Selain modus QRIS yang menyerang sisi finansial secara langsung, J&T Cargo juga mencatat varian penipuan lain yang tak kalah meresahkan. Pelaku kerap memalsukan dokumen digital, seperti membuat resi fisik hasil suntingan (editing) yang tampak meyakinkan, hingga mengirimkan surat palsu menggunakan kop surat (kop) perusahaan untuk meminta uang jaminan.
Langkah Mitigasi: Verifikasi adalah Kunci
Di tengah gempuran rekayasa sosial ini, verifikasi mandiri menjadi satu-satunya tameng yang efektif. Dalam kampanye “Jangan Ketipu, Cek Dulu”, J&T Cargo menekankan protokol keamanan yang wajib diadopsi oleh setiap konsumen.

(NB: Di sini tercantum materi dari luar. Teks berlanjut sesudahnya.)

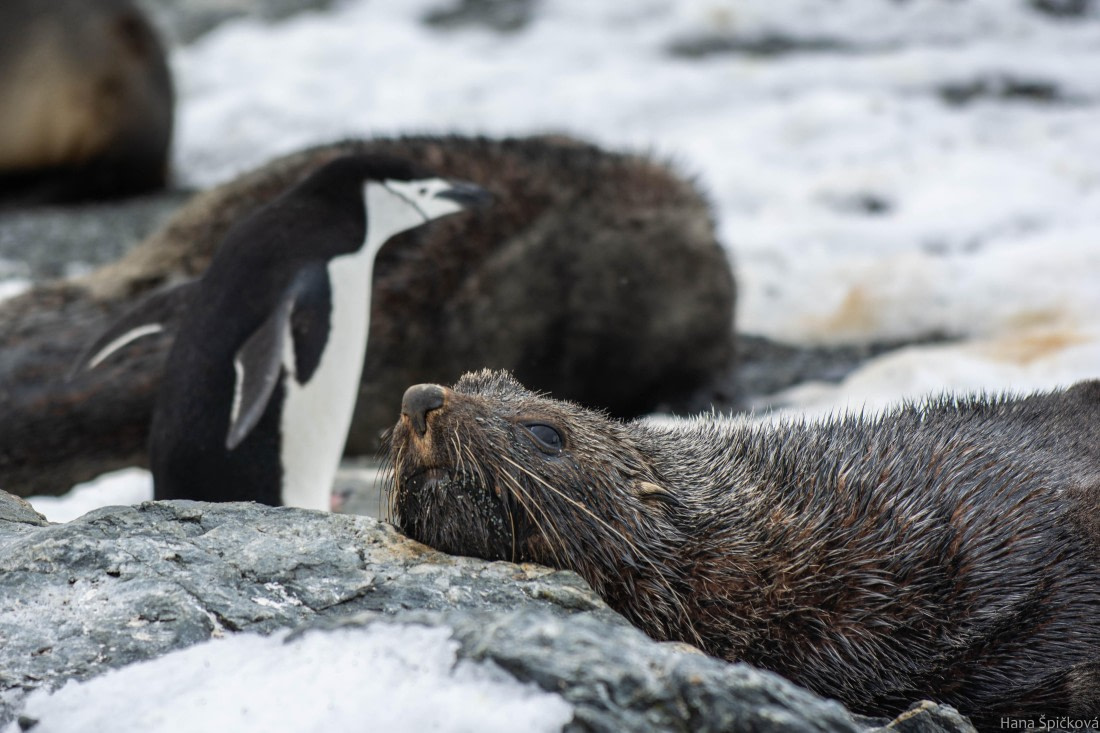 HDS28-25, Day 13, _DSC6627 © Hana Spickova - Oceanwide Expeditions.jpg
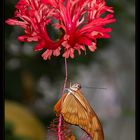 wie angelt man sich einen Schmetterling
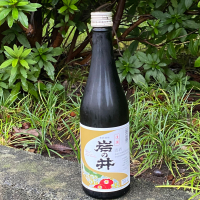 岩の井
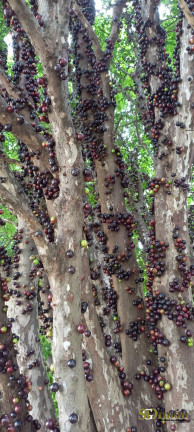 Chácara à Venda, 1.150 m² em Chácaras Meu Cantinho - Monte Mor
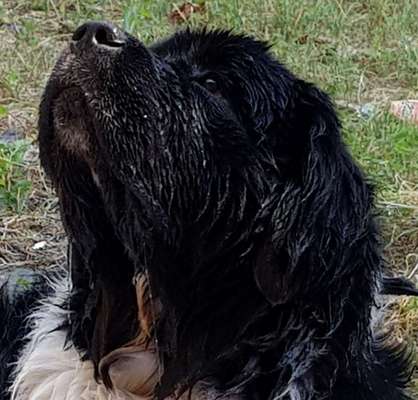 Neufundländer Freunde!-Beitrag-Bild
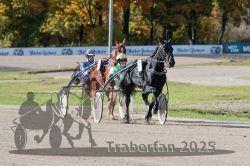 Dateiname=20251026_qu3_022_QU3_0047.jpg
Dateigröße=334KB
Abmessungen: 1000x667
hinzugefügt am: 27. Oktober 2025 20251026_qu3_022_QU3_0047.jpg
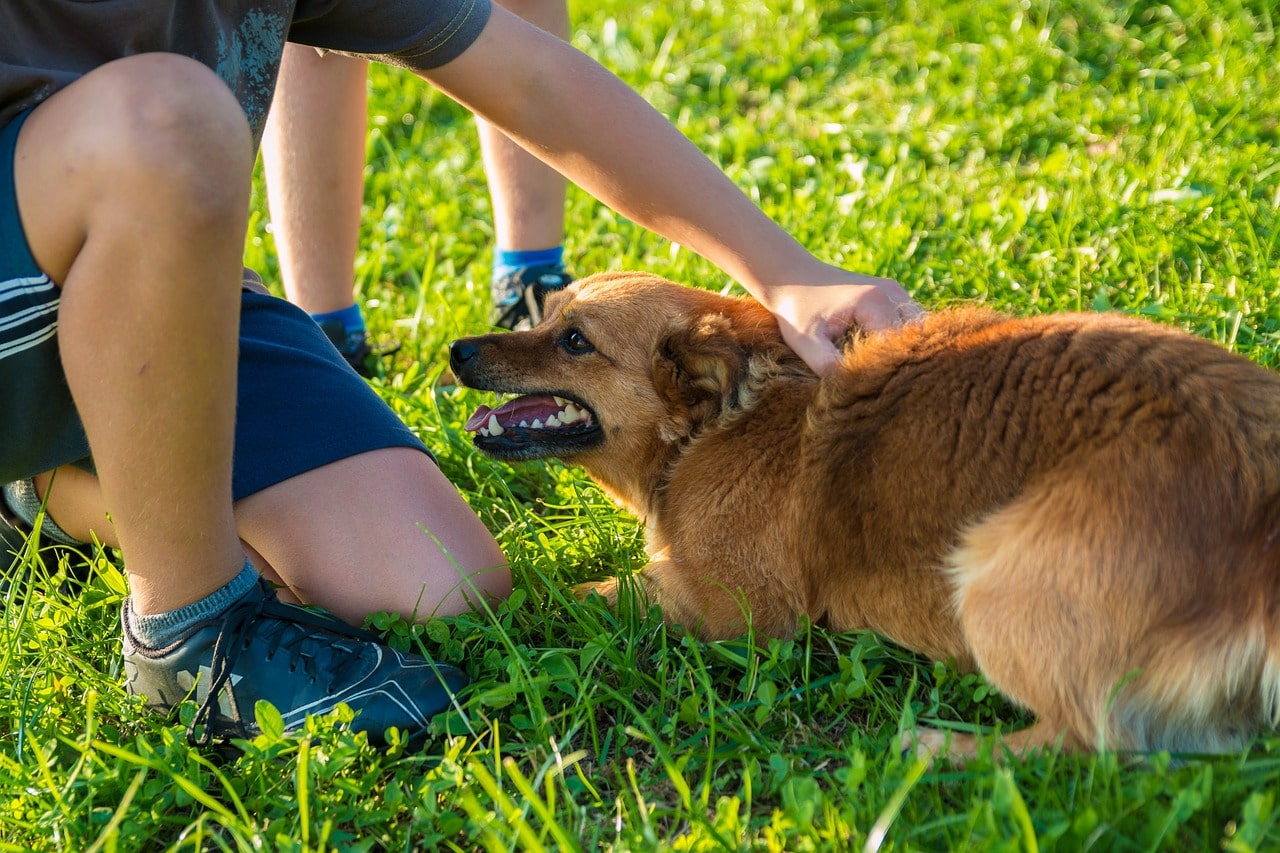 Rescue Dog's Relationship With Her Sitter Is Adorable - Limit Dog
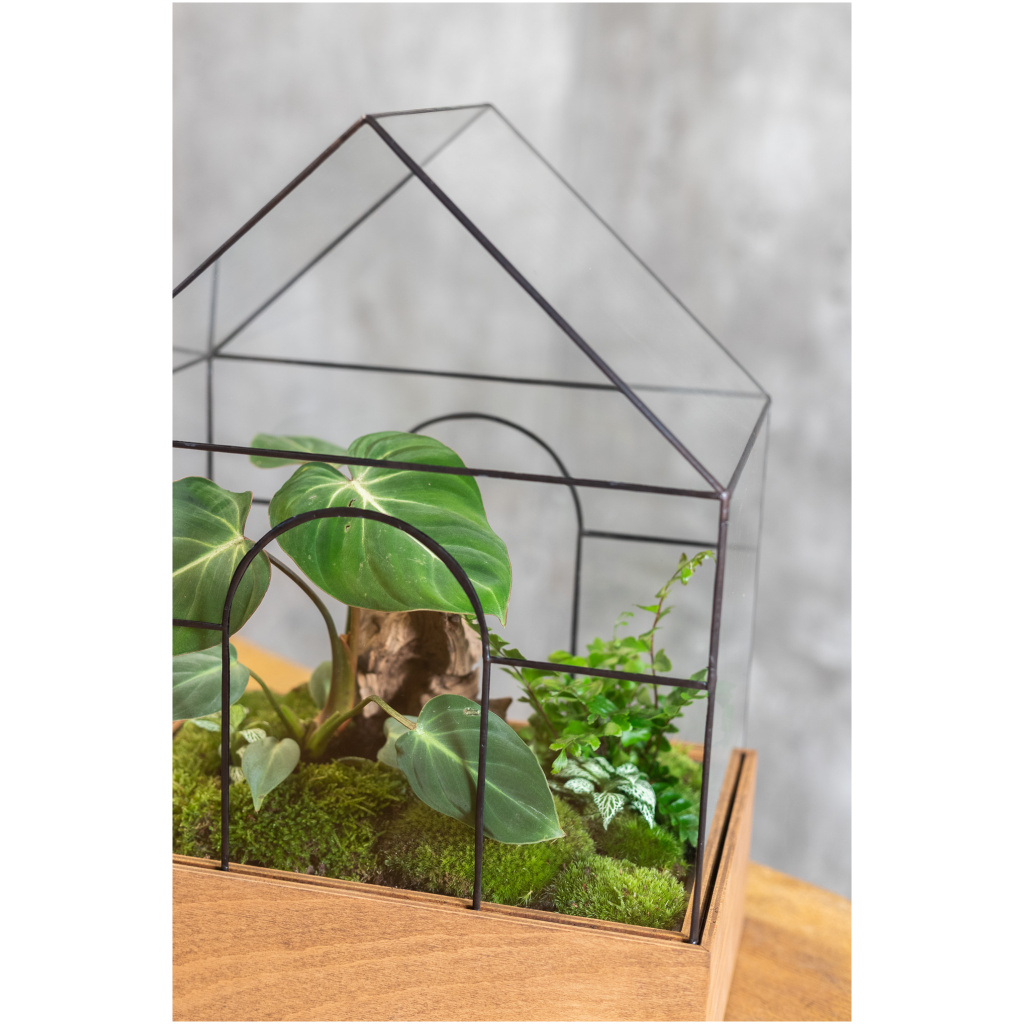 Handmade Wardian Case glass terrarium in house shape with arched opening for plants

Pertama, validasi informasi hanya boleh dilakukan melalui kanal resmi. Pelanggan diimbau untuk hanya mengakses situs jtcargo.id dan secara tegas menghindari tautan dengan domain asing atau yang dipersingkat (seperti bit.ly) yang tidak dikenal. Kedua, pengecekan nomor resi harus dilakukan di sistem resmi; jika nomor resi tidak terdaftar, hampir dipastikan dokumen tersebut palsu.
Ketiga, dan yang paling krusial terkait transaksi finansial, konsumen harus mengabaikan segala bentuk permintaan refund atau pembayaran tambahan yang diarahkan melalui QRIS atau transfer ke rekening pribadi. Perusahaan logistik resmi tidak pernah menggunakan rekening perorangan untuk transaksi korporasi.
"Jika menerima pesan atau tautan yang mencurigakan, jangan panik dan terburu-buru merespons. Luangkan waktu untuk melakukan pengecekan dan verifikasi. Langkah sederhana ini dapat membantu mencegah kerugian yang jauh lebih besar," tambah Eko.